A Cacao, la rente mémorielle a été acquise dans le sang et la sueur, loin des slogans incantatoires. Elle s’exprime silencieusement, dans une pudeur et une dignité qui ont suscité le respect, la reconnaissance et l’admiration. On parle français autant que Hmong ; « on n’habite pas un pays, on habite une langue, une Patrie c’est ça, et rien d’autre » écrivait Cioran. S’opère donc ici une dialectique entre origine et destination qui interpelle parce qu’elle ne renie ni l’une ni l’autre. Comme si la diversité n’était pas intrinsèquement source de richesse mais qu’elle avait besoin pour cela de cette disposition d’âme que l’on appelle la volonté, créant ainsi le filtre salvateur qui laisse sédimenter l’unité et bannit la sédition. Alors, peut-être, se construit une communauté de destin qui peut prétendre à l’universel et que l’on appelle société. Serait-ce pour cela que l’on peut plus facilement qu’ailleurs en métropole dire à ses enfants, dans cet endroit perdu d’Amérique du Sud, au milieu d’un peuple venu du pays des nuages aux confins du Tonkin ; « Ici, c’est la France » ?

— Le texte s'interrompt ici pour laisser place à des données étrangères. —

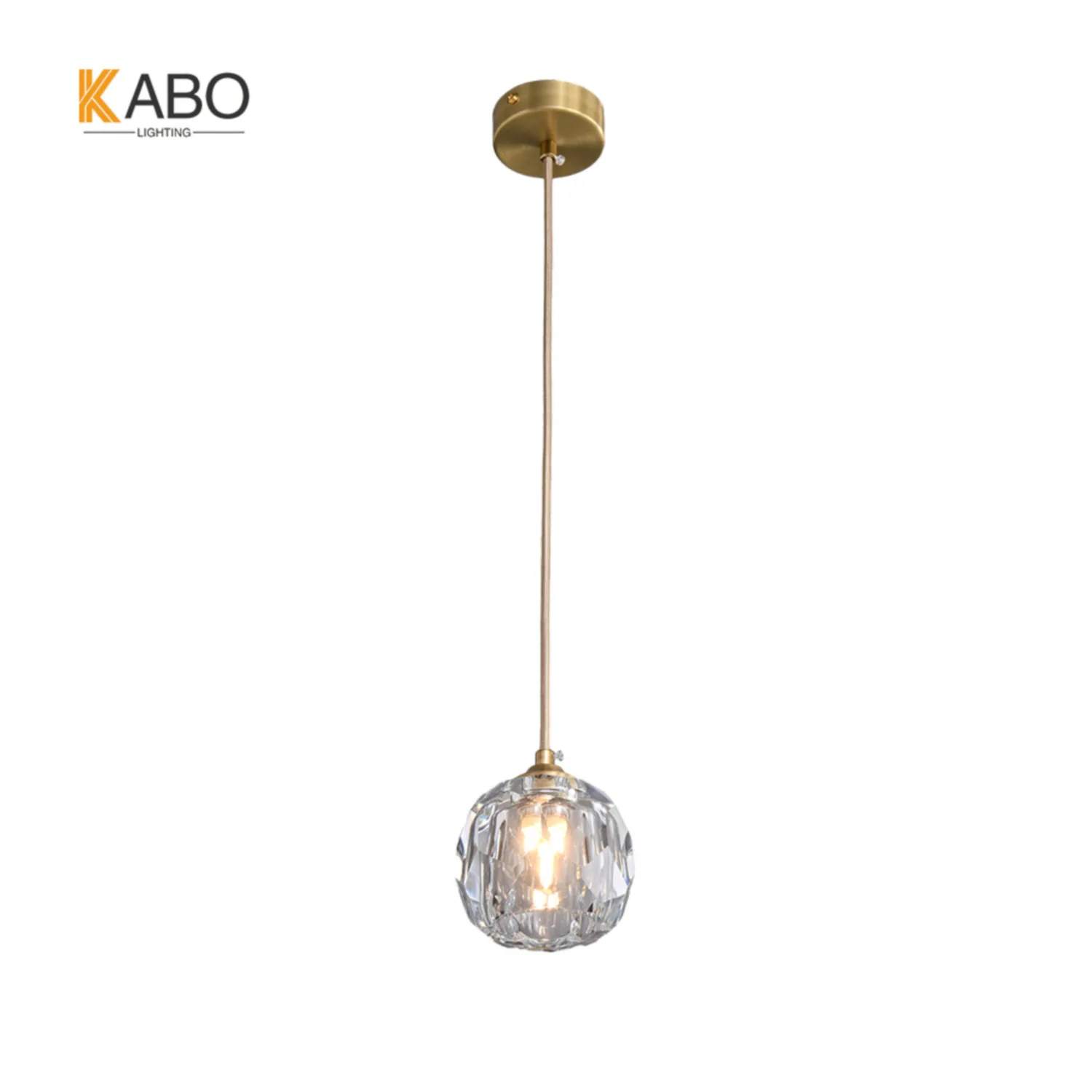 Crystal bedside chandelier Post-modern light luxury bedroom long line small chandelier Nordic personality restaurant bar lamp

Nous avons achevé notre escale guyanaise par la visite des îles du Salut, petit archipel à quelques encablures de Kourou. Actuellement propriété du Centre National de Recherche Spatiale puisque placé sur les trajectoires de lancement du Centre Spatial Guyanais, elles sont davantage connues pour le bagne qui y fut installé en 1793. La première République y déporta les opposants politiques ainsi que des prêtres réfractaires. Conservé sous la troisième république, Dreyfus y fut emprisonné entre 1895 et 1899, dans un cachot isolé de l’île du diable. Abandonné en 1947, la nature s’est empressée d’y reprendre ses droits ; elle engloutit les cellules, grignote la pierre et enlace les grilles, figeant dans le temps les stigmates d’un salut que l’on peine à imaginer pour ses occupants.
Nous quittons la Guyane sous une pluie diluvienne, poussés par le courant de l’Amazone, la tête levée pour tenter sans succès d’apercevoir le tir du lanceur russe Soyouz, le 10 février 2022 à 15h09. Nous apprendrons par la suite que c’était le dernier ; les tristes déflagrations aux portes de l’Europe ont porté jusqu’aux côtes guyanaises. La bêtise, comme la forêt, n’a pas de frontières. « Il faut éradiquer la première et conserver la deuxième !» a crié Dieu. Mais l’Homme a entendu le contraire.